If I understand it correctly creating DSLs in it should also be very easy with its macro and PEG feature?
Writing DSLs is very easy, and fun! The PEG grammars are very elegant to build up. I wrote a language for programmatic recipes (think scaling, unit conversion, etc) with it and it was a delight. I'd provide an example but I haven't taken the time to write a README so I haven't published it publicly yet.
Hey that's cool. Are you willing to instead share an example snippet of what the DSL itself looks like?
Here's an excerpt (which is in a map passed to peg/compile) for numeric parsing:
:nonzero-int (* (range "19") (any (range "09")))
:int (+ "0" :nonzero-int)
:decimal (cmt (* (? (<- :int)) "." (<- (some (range "09")))) ,parse-decimal)

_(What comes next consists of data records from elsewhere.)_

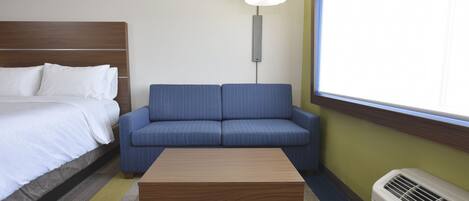 A hotel room with a bed, a blue sofa, a wooden coffee table, a floor lamp, and a window with blinds.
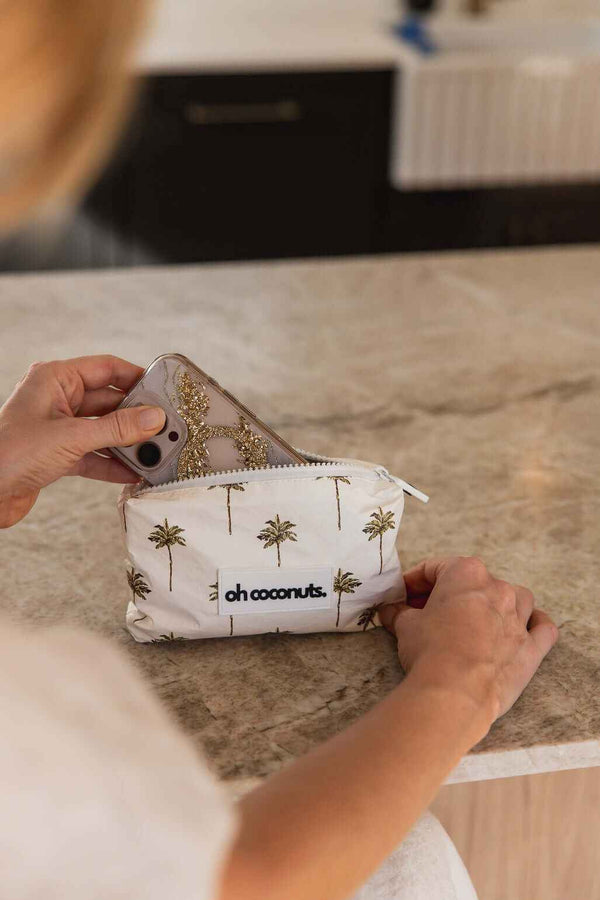 model holding oh coconuts pouch with sparkly iphone case 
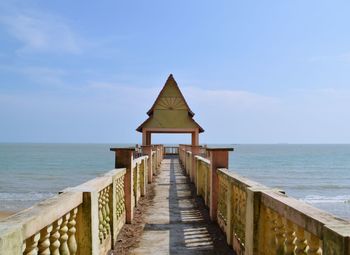 Lifeguard hut on beach against sky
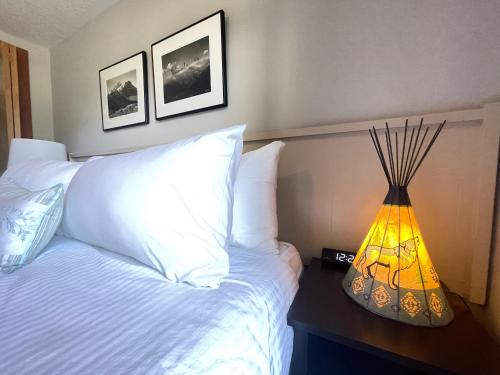 a bedroom with a bed with a lamp on a table at Windtower Lodge FullKitchen-Kingbed Suite-MntView-UGParking-Walk2DT in Canmore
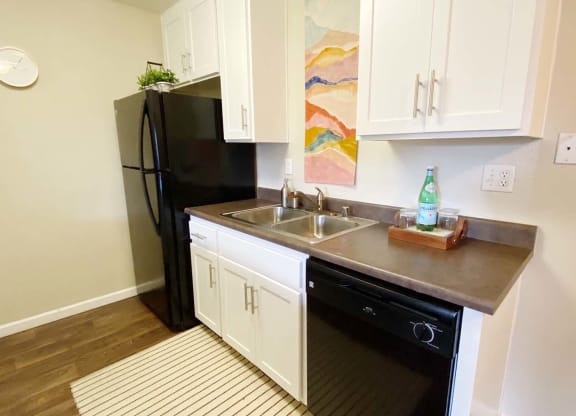 a small kitchen with white cabinets and a black refrigerator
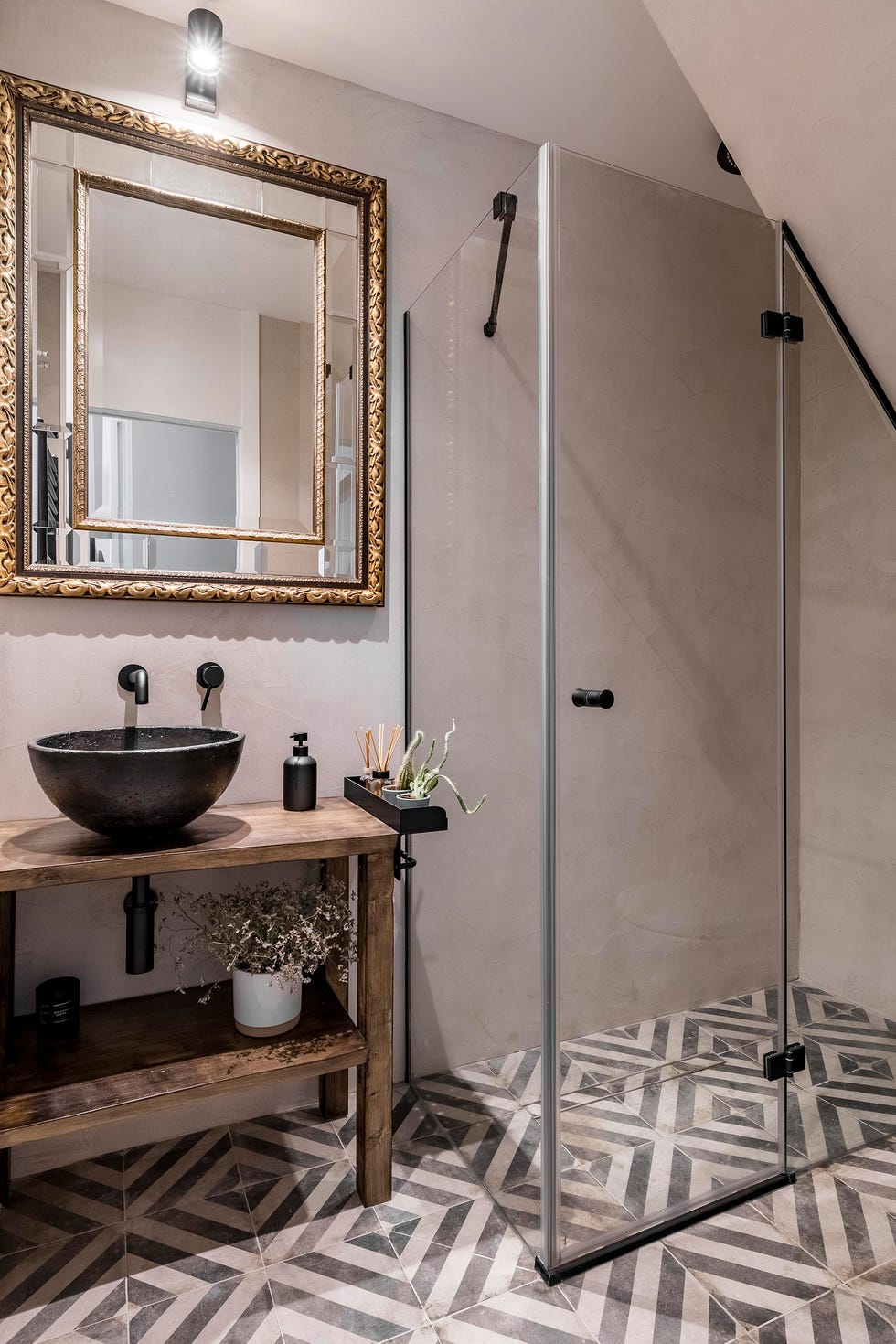 mueble de madera, lavabo exento, espejo con marco dorado y suelo de baldosas geométricas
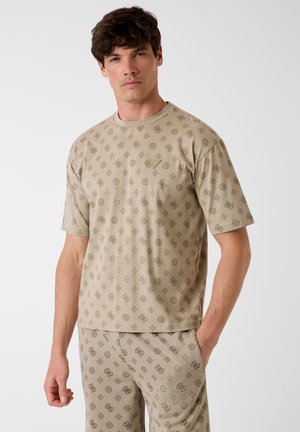 Uomo che indossa una camicia beige a maniche corte e pantaloni abbinati con un motivo geometrico scuro e logo ripetuto, in piedi davanti a uno sfondo semplice.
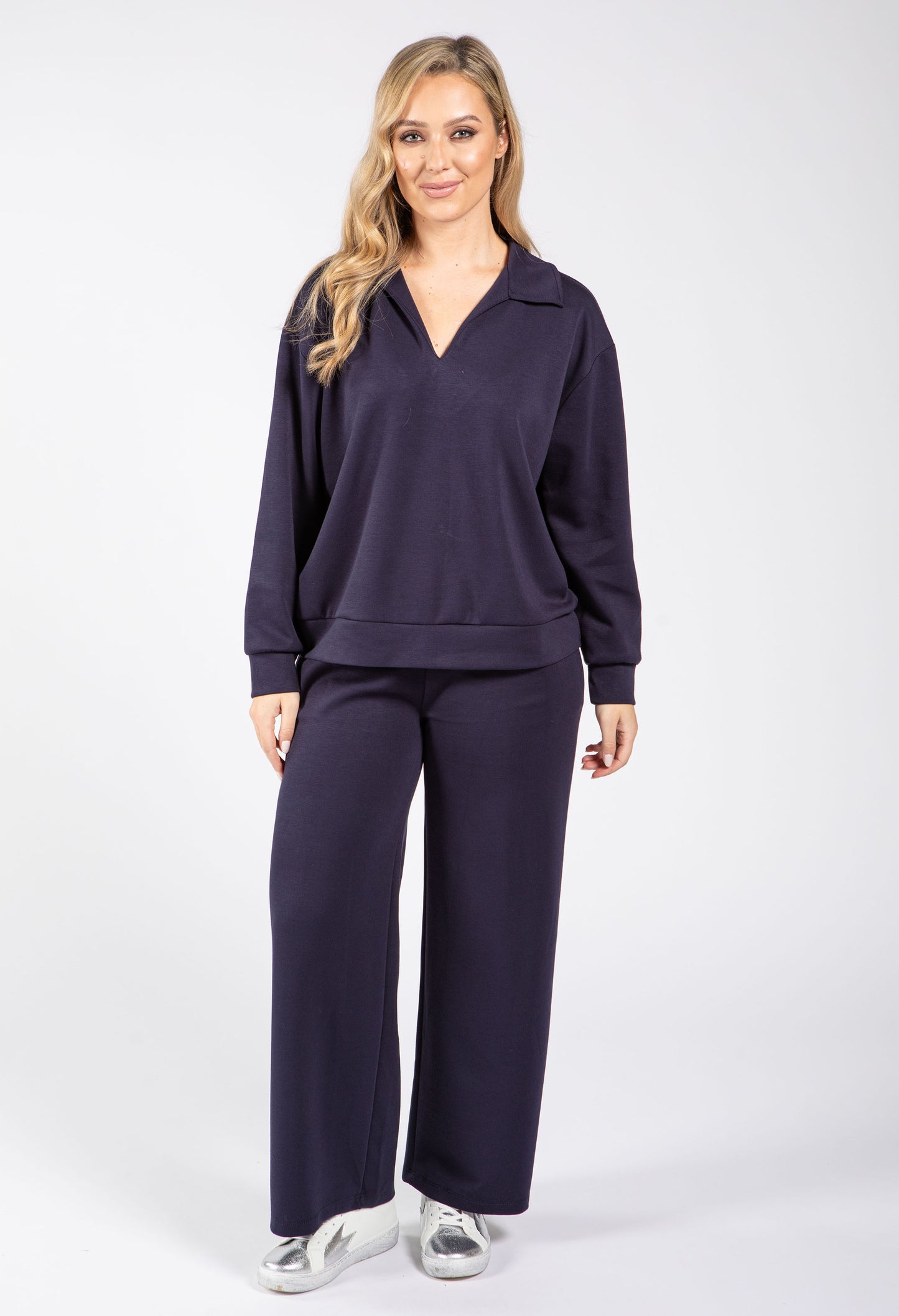Woman wearing a navy tracksuit on a white background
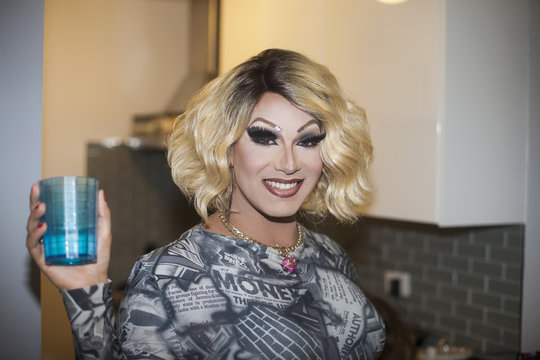 Portrait of smiling drag queen holding a glass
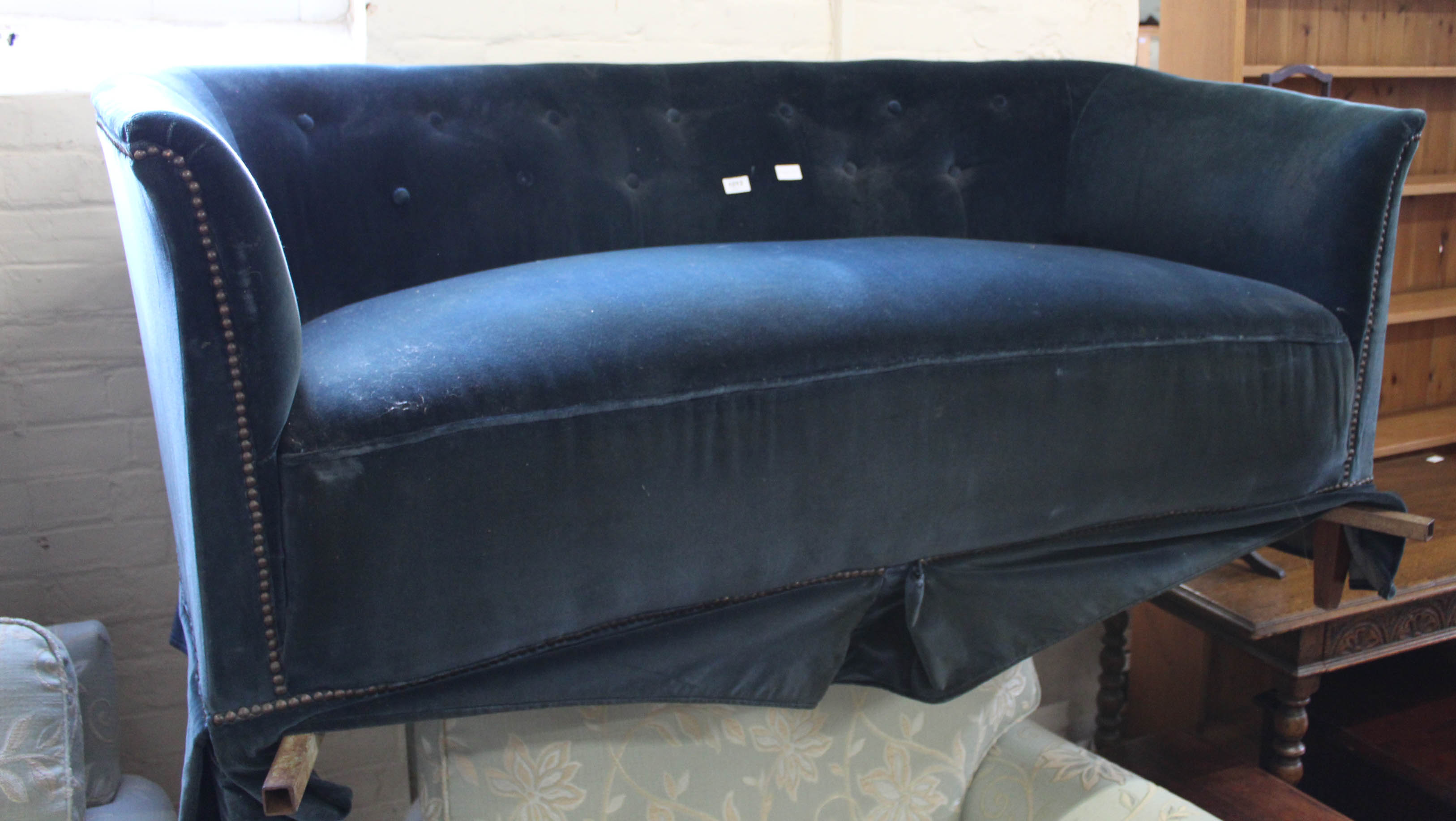 A 19th Century style blue velvet sofa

:fraction (cmt (\* (? (\* (number :nonzero-int) :s+)) (number :nonzero-int)
"/" (number :nonzero-int)) ,parse-fraction)
:integer (cmt (number :nonzero-int) ,parse-integer)
:num (+ :decimal :fraction :integer)
I'm pretty new to it, but from what I've seen the answer is yes. And while I haven't wrote any macros yet I think PEGs are fantastic, and sooo readable. Their website has an example PEG to read Janet source - https://janet-lang.org/docs/syntax.html#Grammar
Embedding is really easy, as is writing c modules. You can link shared, or use an amalgamated c file. Check out https://janet-lang.org/capi/embedding.html
Honestly I'm having just as much fun learning Janet as I am writing C modules and embeddings; Janet all the things!
It's an incredible lua replacement for embedding. A lot of the time for an embedded scripting language you're defining a DSL which bare lua is fairly poorly suited to. And you lose the tininess and simplicity of the embedding if you're having to cram PCRE and shit in there too.
Janet basically just copies lua's C interop because it's the best part of lua. And then with PEGs and a solid macro system you're in a much better position for scripting, or defining a scripting environment, or a configuration DSL, or whatever you wanted a non-C language for.